Przedstaw wybrane problemy etyczne współczesnego świata.
(wybaczcie, że ów temat jest tak rozbudowany, ale współczesne problemy etyczne są ujęte dosyć wieloaspektowo i sądzę, że właśnie analiza etyczna wymagać będzie od nas spojrzenia z różnych stron. Wystarczy to tylko przeczytać, bowiem to kwestie, o których doskonale wiemy, chodzi jedynie o problemowość tematyki).
1.
Aborcja i problem osoby:
Wyobraźcie
sobie, że wasza matka, ojciec albo jakakolwiek osoba, którą
kochacie zapadła na chorobę Parkinsona. Wy zaś możecie pobrać
jajo kobiece, zapłodnić je i hodować w inkubatorze przez 4.
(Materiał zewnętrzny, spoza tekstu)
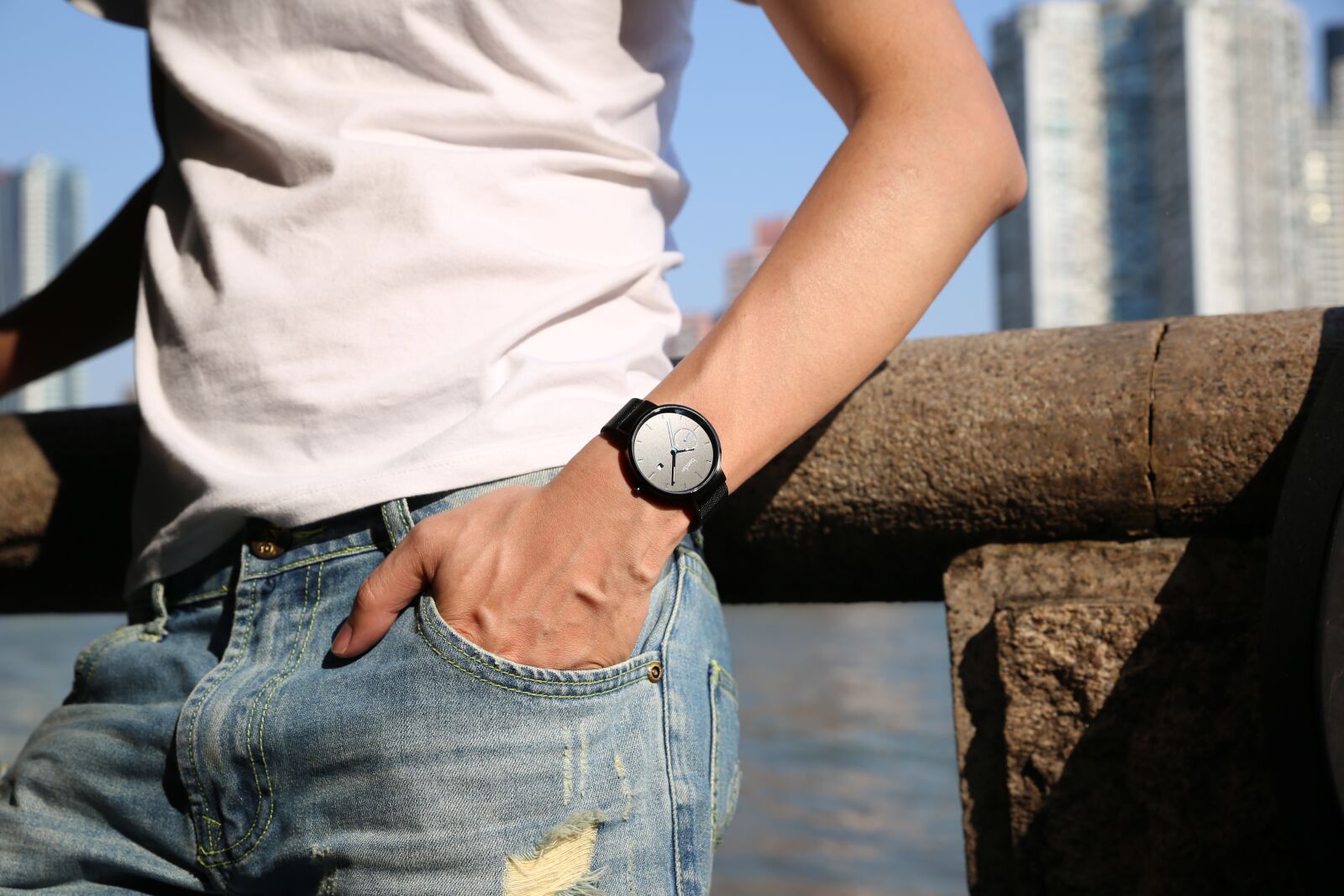 Canon EOS 6D sample photo. Watch, simple, scene photography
tygodnie, aby potem tkanki płodu wykorzystać do uleczenia choroby,
bądź chociażby do złagodzenia jej przebiegu. Czy postąpilibyście
w ten sposób? Ten problem i wiele innych różnie są rozstrzygane w
zależności od stosunku do kwestii aborcji. Kwestia ta wywołuje
silne emocjonalne reakcje, niemniej aż nazbyt często dyskutujący
nie zastanawiają się nad leżącymi u jej podstaw filozoficznymi
przesłankami.
Nasuwają się tutaj dwa zasadnicze pytania:
-
Czy płód jest osobą bądź potencjalną osobą?
- Czy płodowi
przysługują jakieś prawa, a jeśli tak to jak się one mają do
praw matki?
Na początek kilka definicji:
- od poczęcia
do 14 dnia – preembrion,
od 14 dnia do 8 tyg. - embrion,
od 8 tyg. - płód.
Określenia te są ważne, gdyż bardzo
często zapalczywe dyskusje wokół problemu aborcji zaciemniane są
przez język. Weźmy na przykład następujący
sylogizm:
PRZESŁANKA WIĘKSZA – ZABIJANIE LUDZI JEST
ZŁEM,
PRZESŁANKA MNIEJSZA – DZIECKO JEST OSOBĄ LUDZKĄ.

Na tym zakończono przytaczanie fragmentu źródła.